VfL holt Big Points in Freiburg und lässt erneut keinen Gegentreffer zu

Freiburg. Der VfL Wolfsburg gewann am 29.Spieltag durch zwei Treffer von Daniel Didavi (2. und 83. Minute) beim SC Freiburg vor 24.000 Zuschauer im Schwarzwald-Stadion. Dabei spielte den Grün-Weißen der frühe Führungstreffer in die Karten. Die Freiburger wirkten gegen einen gut organisierten Defensivverbund der Wölfe über weite Strecken harmlos, obwohl Nils Petersen nach annulierter Gelb-Rot-Sperre mitspielen durfte.

Chancen ergaben sich…

VfL-Cheftrainer Bruno Labbadia verhalf Paul Jaeckel in der Innenverteidigung zu seinem Bundesligadebüt und vertraute einem weiteren sehr jungen Spieler aus der VfL-Akademie. Durch den Ausfall von Jeffrey Bruma bot sich dem Nachwuchsspieler die Chance, die er sehr gut meisterte und eine fehlerfreie Leistung zeigte. Das Verletzungspech des VfL in dieser Saison zeigt sich allein schon auf dieser Position. Vier potentielle Innenverteidiger sind teilweise langwierig verletzt oder fallen immer wieder einmal aus.
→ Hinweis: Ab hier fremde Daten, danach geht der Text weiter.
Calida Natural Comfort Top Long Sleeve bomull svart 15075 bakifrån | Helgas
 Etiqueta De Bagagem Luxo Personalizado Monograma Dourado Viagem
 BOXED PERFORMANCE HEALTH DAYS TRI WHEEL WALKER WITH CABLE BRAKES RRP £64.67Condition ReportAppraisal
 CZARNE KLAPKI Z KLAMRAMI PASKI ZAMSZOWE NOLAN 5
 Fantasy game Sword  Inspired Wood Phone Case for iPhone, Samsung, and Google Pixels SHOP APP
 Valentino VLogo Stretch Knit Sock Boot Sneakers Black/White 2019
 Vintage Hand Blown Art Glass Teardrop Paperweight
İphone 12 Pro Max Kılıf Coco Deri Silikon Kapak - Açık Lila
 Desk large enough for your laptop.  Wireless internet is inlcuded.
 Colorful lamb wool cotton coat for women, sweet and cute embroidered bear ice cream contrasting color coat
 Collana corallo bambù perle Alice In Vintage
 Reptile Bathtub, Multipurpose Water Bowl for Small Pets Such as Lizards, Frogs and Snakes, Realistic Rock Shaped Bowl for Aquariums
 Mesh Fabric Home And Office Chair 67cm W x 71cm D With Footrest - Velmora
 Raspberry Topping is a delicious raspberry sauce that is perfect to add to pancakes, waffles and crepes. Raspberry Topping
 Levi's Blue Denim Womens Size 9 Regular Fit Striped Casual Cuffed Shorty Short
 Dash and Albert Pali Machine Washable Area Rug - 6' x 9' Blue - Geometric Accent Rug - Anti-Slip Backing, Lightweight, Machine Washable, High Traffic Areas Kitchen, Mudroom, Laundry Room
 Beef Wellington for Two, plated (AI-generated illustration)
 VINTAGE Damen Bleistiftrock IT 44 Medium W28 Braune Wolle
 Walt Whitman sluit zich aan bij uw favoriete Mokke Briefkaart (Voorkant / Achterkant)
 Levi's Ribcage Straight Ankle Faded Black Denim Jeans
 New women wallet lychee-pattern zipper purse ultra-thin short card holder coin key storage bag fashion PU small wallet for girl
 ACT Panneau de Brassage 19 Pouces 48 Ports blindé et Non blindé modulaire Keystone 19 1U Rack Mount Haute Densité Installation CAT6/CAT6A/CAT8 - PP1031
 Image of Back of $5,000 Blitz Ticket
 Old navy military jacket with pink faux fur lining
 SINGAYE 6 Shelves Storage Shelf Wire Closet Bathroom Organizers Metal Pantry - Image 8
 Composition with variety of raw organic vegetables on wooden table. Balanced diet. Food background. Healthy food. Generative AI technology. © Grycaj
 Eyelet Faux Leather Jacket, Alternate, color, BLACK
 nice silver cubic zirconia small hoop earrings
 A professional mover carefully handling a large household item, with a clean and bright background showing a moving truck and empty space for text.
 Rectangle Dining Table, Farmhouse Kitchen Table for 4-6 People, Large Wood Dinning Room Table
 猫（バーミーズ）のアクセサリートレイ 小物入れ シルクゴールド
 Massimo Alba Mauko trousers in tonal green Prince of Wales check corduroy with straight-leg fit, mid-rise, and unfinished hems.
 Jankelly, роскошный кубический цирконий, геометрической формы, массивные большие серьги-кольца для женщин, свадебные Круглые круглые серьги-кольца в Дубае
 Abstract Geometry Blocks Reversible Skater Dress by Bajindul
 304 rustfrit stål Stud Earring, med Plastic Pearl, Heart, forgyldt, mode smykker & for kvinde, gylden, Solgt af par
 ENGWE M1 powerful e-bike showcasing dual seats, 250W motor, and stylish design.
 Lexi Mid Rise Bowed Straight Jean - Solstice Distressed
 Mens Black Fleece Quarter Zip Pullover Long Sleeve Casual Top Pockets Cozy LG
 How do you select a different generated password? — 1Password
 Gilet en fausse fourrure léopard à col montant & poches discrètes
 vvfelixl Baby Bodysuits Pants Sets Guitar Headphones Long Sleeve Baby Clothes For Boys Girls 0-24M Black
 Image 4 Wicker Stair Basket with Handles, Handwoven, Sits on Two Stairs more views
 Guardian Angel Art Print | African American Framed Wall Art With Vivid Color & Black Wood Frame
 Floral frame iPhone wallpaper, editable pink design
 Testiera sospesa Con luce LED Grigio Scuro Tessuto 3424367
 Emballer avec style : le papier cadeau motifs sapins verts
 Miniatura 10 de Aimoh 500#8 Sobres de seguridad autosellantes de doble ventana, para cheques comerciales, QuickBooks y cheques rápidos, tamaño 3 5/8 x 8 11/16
Für den gesperrten Josuha Guilavogui stand Daniel Didavi in der Anfangsformation, obwohl er am Abschlusstraining aufgrund von Adduktorenbeschwerden nicht teilnehmen konnte. Nach einem eingehenden Gespräch mit dem Coach kam man jedoch überein, einen Startelfeinsatz zu riskieren. Auch Yunus Malli fand wieder Berücksichtigung und durfte von Beginn für Victor Osimhen ran.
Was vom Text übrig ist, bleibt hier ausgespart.